#### DIRECTIONS FOR THIS TASK
While leaving the pictures out, set down only the lines from the one with "Maiou baschet - Celtics / Tatum 0" through the end of the records, exactly as they stand.

#### DATA EXTRACTS
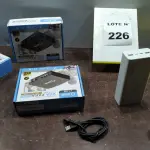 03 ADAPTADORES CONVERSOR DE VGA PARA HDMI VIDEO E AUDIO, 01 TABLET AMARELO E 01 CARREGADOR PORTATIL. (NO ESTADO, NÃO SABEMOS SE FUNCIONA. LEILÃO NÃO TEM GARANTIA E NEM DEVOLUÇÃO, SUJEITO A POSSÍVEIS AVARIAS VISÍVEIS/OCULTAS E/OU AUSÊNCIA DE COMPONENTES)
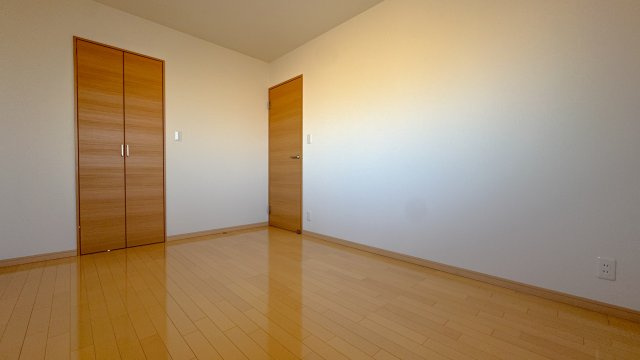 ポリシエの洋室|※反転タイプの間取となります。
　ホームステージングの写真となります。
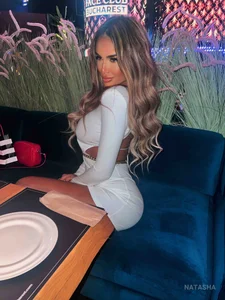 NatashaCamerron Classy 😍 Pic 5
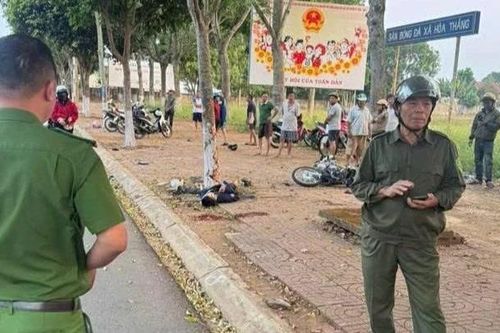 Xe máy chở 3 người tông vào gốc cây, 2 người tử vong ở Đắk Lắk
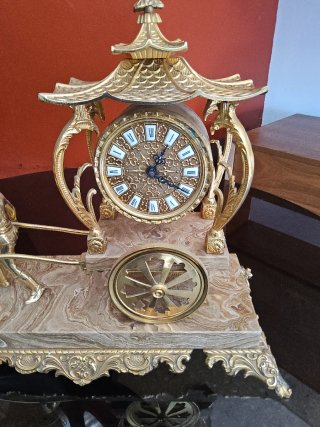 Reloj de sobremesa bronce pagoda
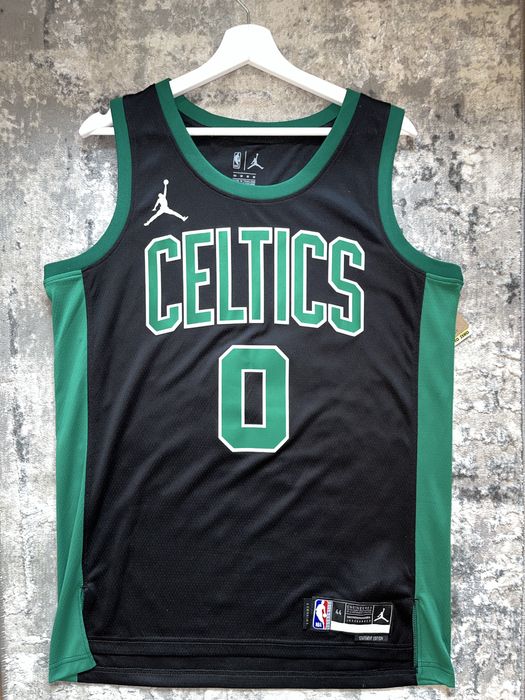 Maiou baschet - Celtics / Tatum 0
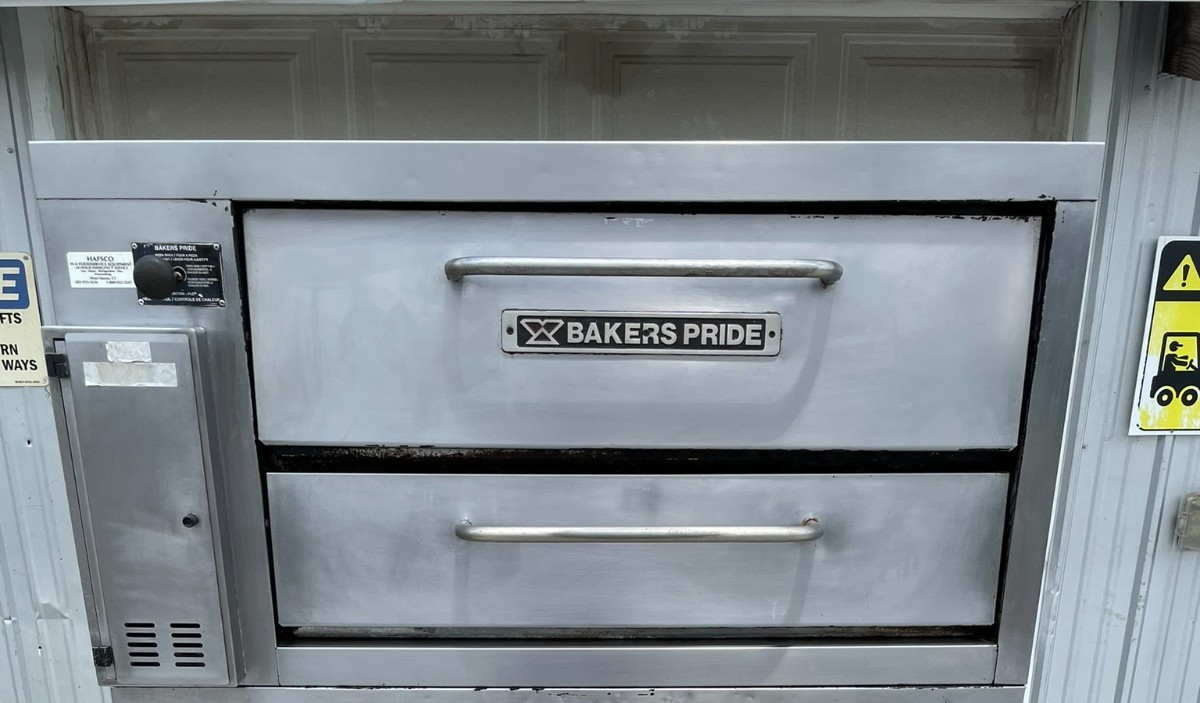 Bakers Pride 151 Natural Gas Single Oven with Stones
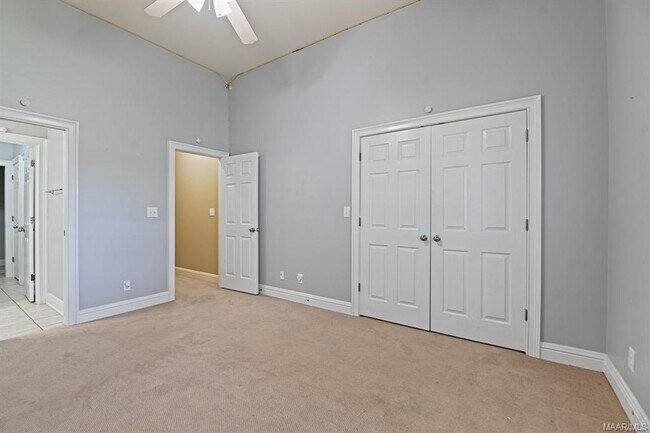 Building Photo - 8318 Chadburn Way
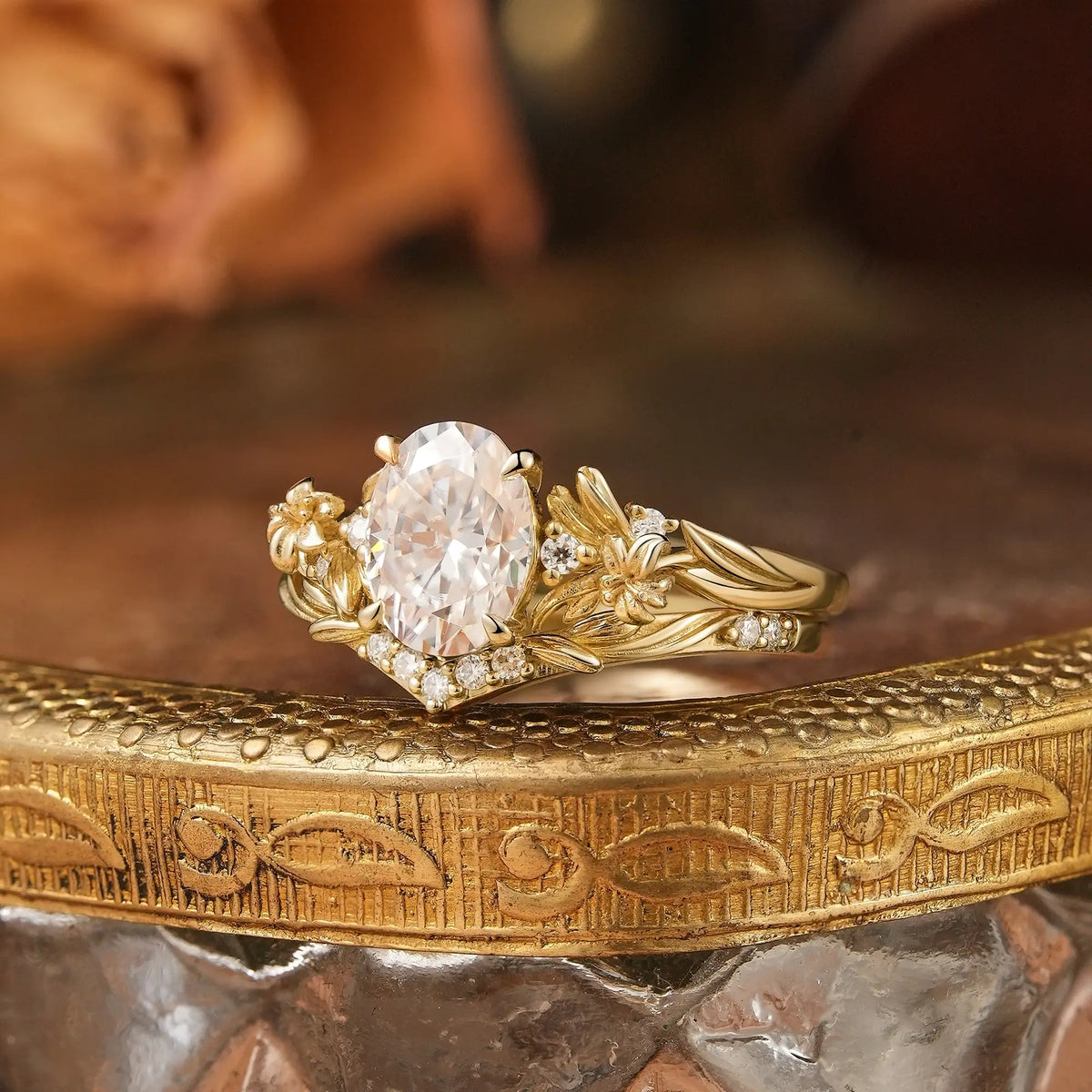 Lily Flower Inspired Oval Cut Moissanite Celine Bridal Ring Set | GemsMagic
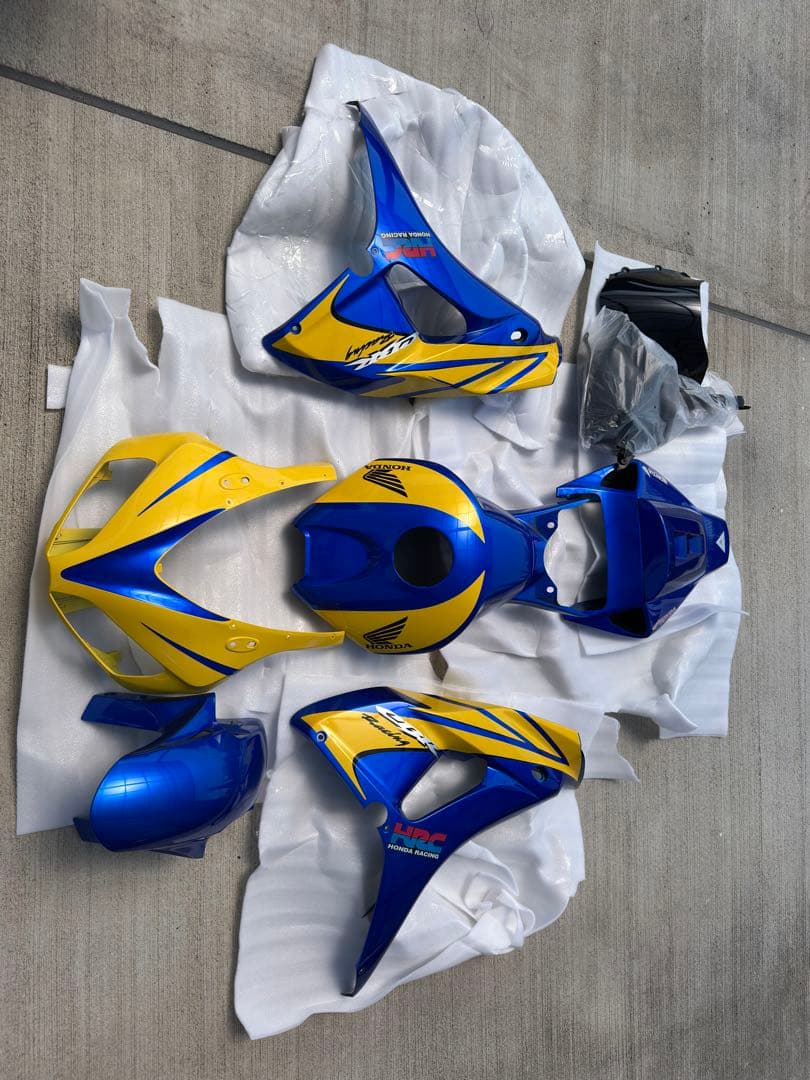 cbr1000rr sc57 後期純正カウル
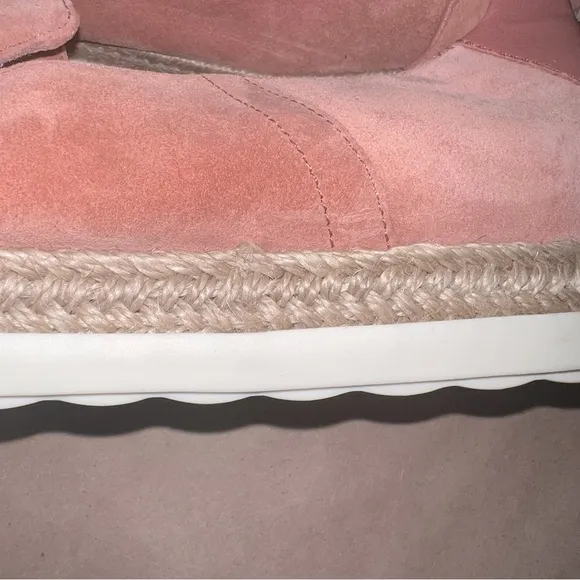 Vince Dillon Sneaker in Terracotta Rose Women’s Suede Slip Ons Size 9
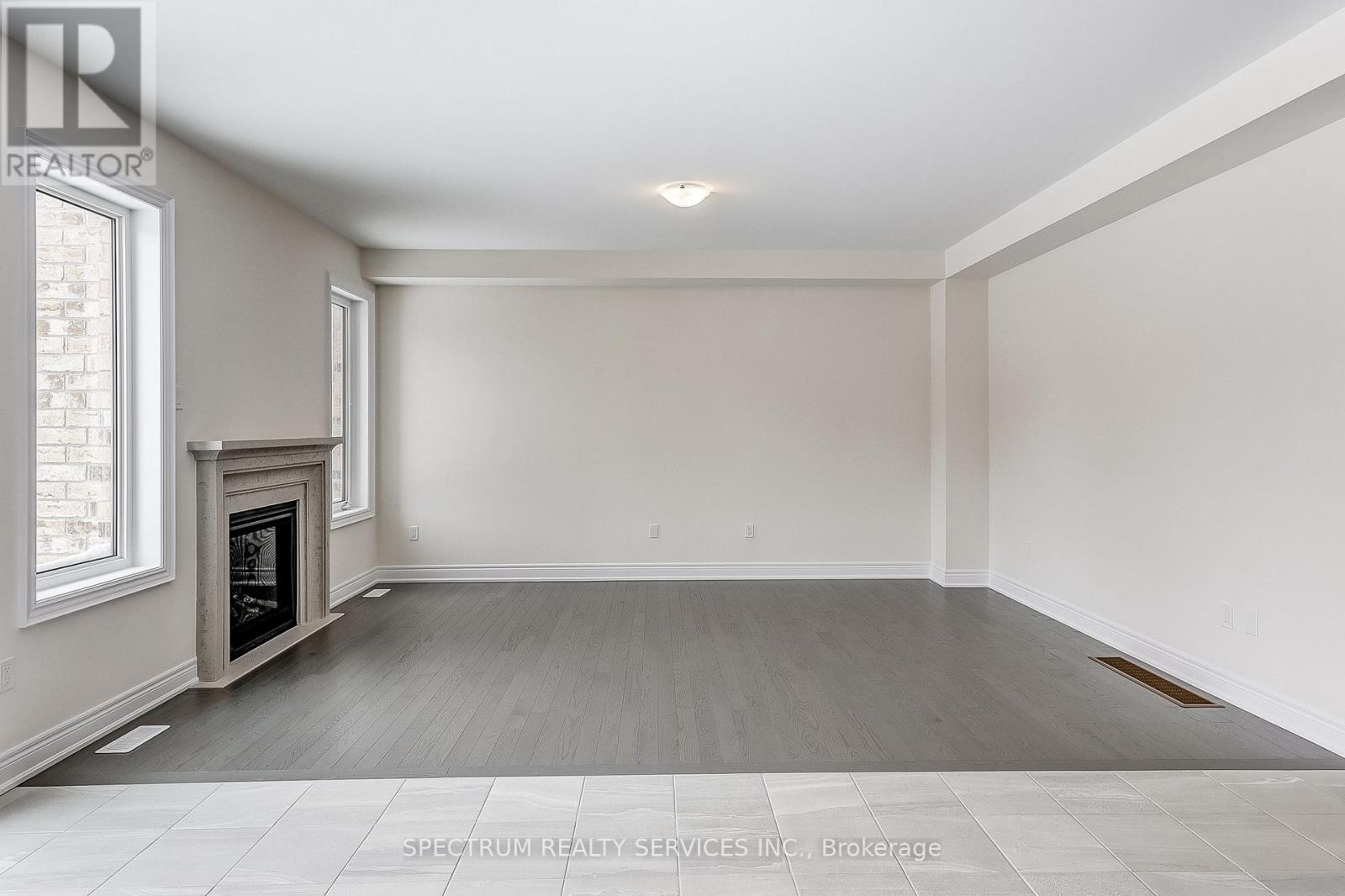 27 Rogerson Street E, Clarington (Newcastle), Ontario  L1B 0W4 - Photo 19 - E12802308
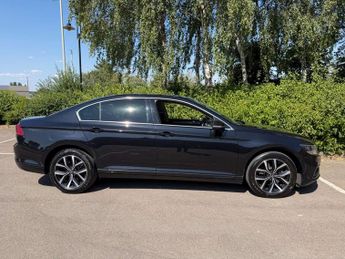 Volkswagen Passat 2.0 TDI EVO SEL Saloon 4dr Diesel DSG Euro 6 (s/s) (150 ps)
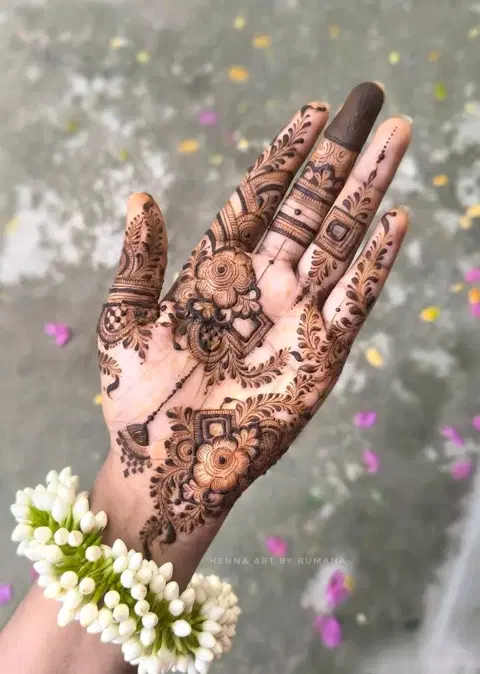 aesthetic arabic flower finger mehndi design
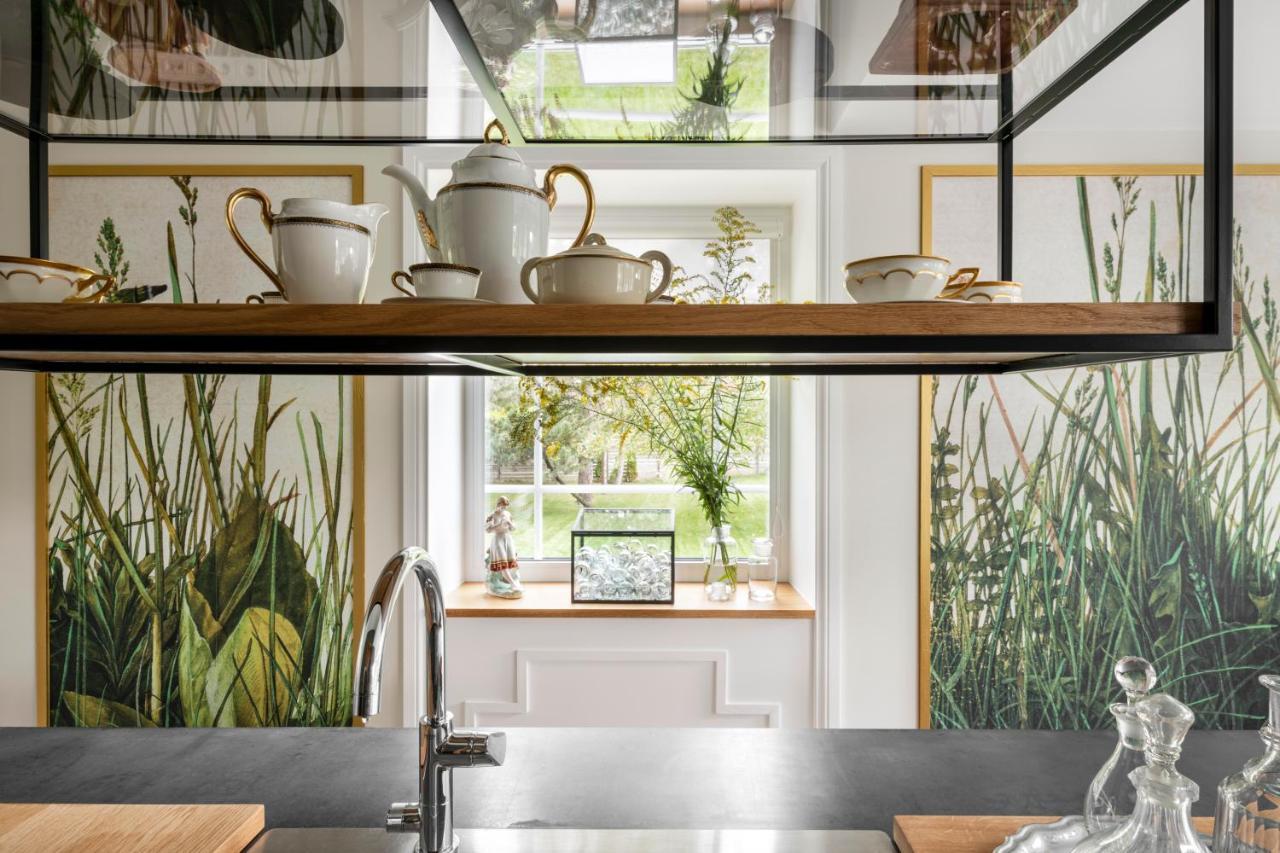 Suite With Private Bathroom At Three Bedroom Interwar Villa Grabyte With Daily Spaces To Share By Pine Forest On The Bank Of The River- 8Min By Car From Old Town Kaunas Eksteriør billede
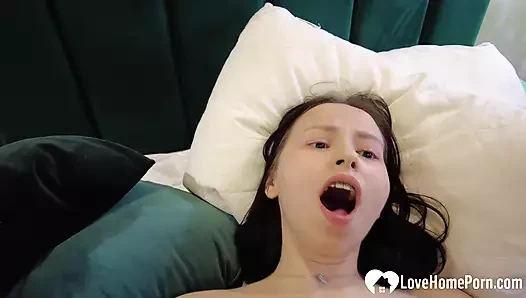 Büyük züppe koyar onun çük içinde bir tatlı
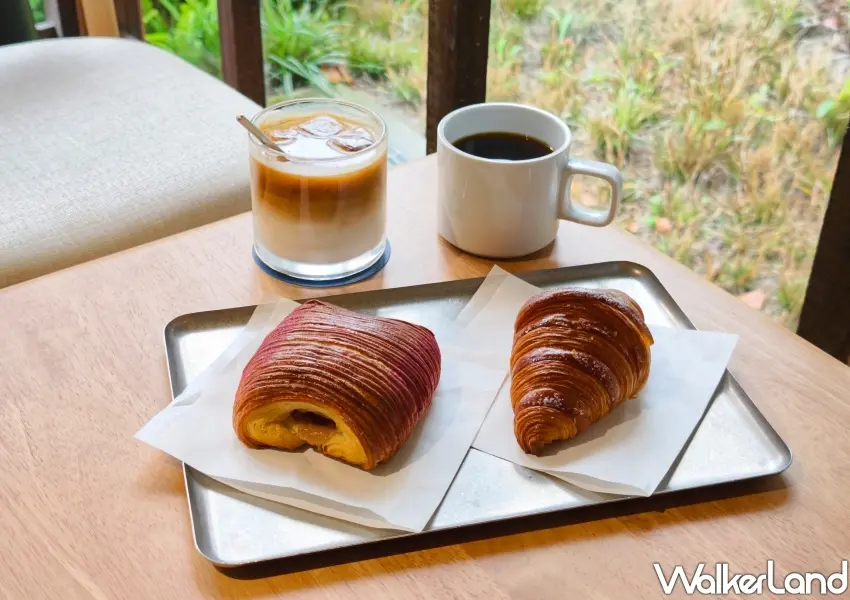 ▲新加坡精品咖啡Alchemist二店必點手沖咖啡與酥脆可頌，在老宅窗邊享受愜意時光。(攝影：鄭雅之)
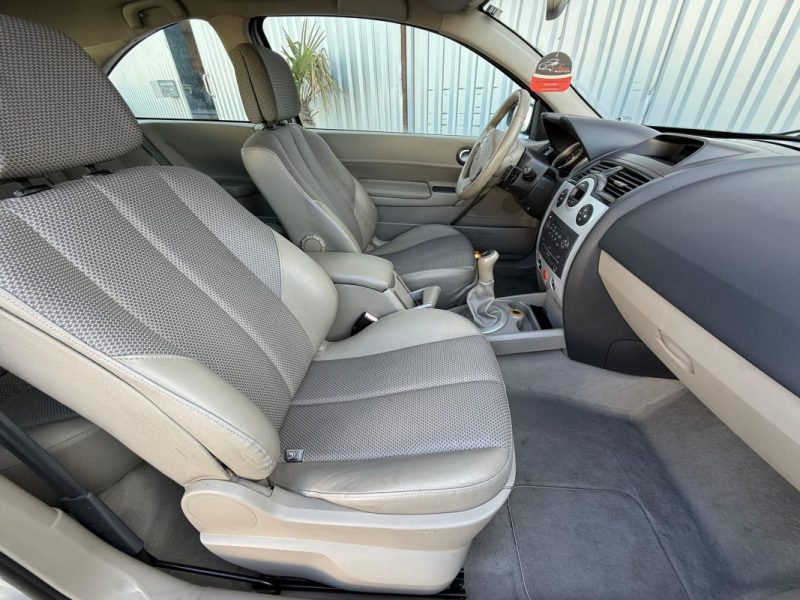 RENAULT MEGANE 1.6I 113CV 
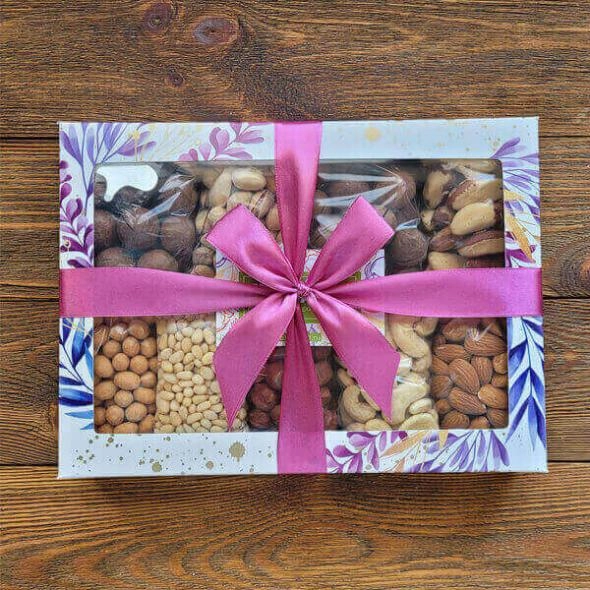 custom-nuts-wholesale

#### ANSWER BOX
 Maiou baschet - Celtics / Tatum 0
 Bakers Pride 151 Natural Gas Single Oven with Stones
 Building Photo - 8318 Chadburn Way
 Lily Flower Inspired Oval Cut Moissanite Celine Bridal Ring Set | GemsMagic
 cbr1000rr sc57 後期純正カウル
 Vince Dillon Sneaker in Terracotta Rose Women’s Suede Slip Ons Size 9
 27 Rogerson Street E, Clarington (Newcastle), Ontario  L1B 0W4 - Photo 19 - E12802308
 Volkswagen Passat 2.0 TDI EVO SEL Saloon 4dr Diesel DSG Euro 6 (s/s) (150 ps)
 aesthetic arabic flower finger mehndi design
 Suite With Private Bathroom At Three Bedroom Interwar Villa Grabyte With Daily Spaces To Share By Pine Forest On The Bank Of The River- 8Min By Car From Old Town Kaunas Eksteriør billede
 Büyük züppe koyar onun çük içinde bir tatlı
 ▲新加坡精品咖啡Alchemist二店必點手沖咖啡與酥脆可頌，在老宅窗邊享受愜意時光。(攝影：鄭雅之)
 RENAULT MEGANE 1.6I 113CV 
 custom-nuts-wholesale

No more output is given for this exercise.